Although the string descriptors list only some of the windows versions we’ve tested it against the following versions:
Windows 2000
Windows 2003 Server
Windows 7 (x64)
Windows 2008 R2
Windows 2012
What you get as result is a small anomaly scanner made completely with Windows tools and Yara. An administrator would just have to click the Batch file and run the script with admin rights.
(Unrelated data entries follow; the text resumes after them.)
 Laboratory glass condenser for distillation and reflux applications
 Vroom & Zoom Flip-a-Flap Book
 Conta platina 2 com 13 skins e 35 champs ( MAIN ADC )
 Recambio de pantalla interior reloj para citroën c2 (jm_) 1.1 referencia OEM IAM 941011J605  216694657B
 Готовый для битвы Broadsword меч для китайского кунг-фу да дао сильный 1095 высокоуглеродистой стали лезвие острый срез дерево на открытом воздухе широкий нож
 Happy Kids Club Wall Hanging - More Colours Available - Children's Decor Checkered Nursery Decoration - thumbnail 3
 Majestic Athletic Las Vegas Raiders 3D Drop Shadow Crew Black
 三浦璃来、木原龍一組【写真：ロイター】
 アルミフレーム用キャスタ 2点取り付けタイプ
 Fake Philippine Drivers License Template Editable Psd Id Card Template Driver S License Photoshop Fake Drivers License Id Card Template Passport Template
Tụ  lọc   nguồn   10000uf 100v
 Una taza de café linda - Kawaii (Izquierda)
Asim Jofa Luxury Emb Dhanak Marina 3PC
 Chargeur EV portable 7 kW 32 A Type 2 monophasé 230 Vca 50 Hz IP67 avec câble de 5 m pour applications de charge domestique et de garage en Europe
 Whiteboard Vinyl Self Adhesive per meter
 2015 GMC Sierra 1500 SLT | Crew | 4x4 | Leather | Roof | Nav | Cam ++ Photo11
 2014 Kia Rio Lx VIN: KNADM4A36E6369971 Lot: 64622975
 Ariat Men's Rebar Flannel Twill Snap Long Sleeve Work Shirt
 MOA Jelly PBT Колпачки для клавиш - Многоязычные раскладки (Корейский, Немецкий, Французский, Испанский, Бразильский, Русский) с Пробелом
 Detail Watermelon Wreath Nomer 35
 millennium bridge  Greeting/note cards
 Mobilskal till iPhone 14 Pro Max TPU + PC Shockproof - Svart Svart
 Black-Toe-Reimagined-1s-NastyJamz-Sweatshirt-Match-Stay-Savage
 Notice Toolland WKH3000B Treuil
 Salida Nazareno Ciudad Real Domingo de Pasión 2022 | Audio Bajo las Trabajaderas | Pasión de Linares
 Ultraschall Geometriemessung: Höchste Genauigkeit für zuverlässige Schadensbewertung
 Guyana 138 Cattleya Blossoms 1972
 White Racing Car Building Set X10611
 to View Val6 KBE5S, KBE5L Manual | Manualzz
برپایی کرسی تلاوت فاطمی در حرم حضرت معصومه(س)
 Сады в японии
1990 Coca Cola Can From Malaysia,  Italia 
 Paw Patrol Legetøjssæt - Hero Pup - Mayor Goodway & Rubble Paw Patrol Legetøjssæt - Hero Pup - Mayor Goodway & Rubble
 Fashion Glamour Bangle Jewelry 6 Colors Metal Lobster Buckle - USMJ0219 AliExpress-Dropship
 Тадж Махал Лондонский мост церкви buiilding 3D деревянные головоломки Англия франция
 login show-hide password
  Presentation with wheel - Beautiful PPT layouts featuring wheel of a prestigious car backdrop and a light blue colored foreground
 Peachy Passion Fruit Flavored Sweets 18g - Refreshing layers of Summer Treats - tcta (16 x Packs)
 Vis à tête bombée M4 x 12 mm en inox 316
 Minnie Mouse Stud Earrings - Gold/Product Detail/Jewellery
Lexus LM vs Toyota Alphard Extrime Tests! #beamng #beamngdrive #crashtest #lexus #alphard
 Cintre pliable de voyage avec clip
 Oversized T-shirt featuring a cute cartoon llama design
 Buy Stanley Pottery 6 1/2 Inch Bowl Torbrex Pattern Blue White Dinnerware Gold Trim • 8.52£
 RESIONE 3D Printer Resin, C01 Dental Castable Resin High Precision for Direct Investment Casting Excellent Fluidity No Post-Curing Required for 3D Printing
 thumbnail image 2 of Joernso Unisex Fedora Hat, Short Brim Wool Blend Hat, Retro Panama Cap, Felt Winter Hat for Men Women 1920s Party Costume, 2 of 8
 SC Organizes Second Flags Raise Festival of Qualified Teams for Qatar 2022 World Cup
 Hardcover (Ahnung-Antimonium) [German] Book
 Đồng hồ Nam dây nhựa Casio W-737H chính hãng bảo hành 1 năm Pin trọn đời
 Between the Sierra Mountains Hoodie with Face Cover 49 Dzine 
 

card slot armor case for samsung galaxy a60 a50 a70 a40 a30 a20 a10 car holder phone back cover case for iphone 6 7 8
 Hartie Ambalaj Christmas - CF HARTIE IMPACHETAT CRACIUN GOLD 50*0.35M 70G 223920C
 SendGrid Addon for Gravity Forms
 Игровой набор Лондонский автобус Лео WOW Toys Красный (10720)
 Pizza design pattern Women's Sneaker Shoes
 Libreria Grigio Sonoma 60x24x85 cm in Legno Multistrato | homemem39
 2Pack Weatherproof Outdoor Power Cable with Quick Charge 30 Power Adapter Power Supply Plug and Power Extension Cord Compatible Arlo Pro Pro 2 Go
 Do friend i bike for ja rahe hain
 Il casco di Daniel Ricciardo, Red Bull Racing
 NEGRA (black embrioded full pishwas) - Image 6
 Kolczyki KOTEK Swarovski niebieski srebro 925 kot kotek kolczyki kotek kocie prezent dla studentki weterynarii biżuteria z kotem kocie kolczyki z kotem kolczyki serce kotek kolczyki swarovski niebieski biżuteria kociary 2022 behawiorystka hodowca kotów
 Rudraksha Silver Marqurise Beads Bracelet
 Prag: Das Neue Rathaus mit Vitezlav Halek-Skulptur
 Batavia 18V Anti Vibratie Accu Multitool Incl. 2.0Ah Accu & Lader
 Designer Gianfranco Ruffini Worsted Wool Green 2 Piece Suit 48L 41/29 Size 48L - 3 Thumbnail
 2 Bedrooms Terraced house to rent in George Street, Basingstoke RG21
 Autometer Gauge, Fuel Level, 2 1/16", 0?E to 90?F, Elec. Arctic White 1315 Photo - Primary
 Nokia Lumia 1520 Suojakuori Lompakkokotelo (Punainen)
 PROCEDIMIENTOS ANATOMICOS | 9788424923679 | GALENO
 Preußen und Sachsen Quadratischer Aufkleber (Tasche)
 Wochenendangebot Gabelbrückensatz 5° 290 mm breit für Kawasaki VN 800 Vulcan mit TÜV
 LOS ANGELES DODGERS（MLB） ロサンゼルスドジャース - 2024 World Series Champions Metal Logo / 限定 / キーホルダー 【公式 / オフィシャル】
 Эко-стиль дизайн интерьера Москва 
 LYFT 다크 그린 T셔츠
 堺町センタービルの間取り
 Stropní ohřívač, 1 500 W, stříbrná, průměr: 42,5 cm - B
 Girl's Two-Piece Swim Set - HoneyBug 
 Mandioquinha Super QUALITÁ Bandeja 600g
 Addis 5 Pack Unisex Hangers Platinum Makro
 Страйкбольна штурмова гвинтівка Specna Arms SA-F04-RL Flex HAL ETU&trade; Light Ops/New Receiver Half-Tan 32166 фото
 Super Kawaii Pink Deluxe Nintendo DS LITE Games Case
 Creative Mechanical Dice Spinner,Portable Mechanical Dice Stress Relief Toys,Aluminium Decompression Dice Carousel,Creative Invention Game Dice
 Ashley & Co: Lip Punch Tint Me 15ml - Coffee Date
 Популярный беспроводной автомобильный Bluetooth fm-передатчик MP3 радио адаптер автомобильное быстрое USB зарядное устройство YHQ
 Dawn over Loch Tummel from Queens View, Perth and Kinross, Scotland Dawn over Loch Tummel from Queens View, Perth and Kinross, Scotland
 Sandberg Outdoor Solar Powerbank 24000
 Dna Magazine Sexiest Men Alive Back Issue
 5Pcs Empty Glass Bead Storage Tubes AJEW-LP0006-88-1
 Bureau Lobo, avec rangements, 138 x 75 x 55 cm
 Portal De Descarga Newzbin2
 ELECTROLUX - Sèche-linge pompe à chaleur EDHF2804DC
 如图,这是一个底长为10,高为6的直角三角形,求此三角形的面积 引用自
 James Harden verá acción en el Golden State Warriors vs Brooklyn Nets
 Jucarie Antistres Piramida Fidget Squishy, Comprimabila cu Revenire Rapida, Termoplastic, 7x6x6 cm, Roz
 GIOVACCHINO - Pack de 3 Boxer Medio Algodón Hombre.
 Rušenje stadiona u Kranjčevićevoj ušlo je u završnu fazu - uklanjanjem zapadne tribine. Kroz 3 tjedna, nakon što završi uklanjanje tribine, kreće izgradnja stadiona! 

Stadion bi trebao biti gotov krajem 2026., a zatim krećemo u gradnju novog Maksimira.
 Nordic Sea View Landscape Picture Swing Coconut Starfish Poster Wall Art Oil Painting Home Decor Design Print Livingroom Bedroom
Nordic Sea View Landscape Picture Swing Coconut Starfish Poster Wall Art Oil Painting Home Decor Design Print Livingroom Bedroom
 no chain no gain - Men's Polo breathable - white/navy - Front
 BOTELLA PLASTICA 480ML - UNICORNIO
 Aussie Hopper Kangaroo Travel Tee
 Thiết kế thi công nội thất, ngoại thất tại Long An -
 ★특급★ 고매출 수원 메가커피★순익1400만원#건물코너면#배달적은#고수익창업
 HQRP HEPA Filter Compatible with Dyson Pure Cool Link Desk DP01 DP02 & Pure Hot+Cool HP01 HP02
The following screenshot shows a scan on the Windows folder with a prepared malicious “iexplore.exe” in the subfolder “C:\Windows\AA_Testing”.

Yara Anomaly Scanner

Yara Inverse Matching Anomaly Scanner in Action

You could remove the section “Write-Host -foregroundcolor “green” “Scanning”$_.FullName $_.Name;” to show only the alerts or modify the script that it writes a log file.
We use all of these rules in our APT Scanner THOR and added further rules matching 3rd party tools attackers tend to replace or rename.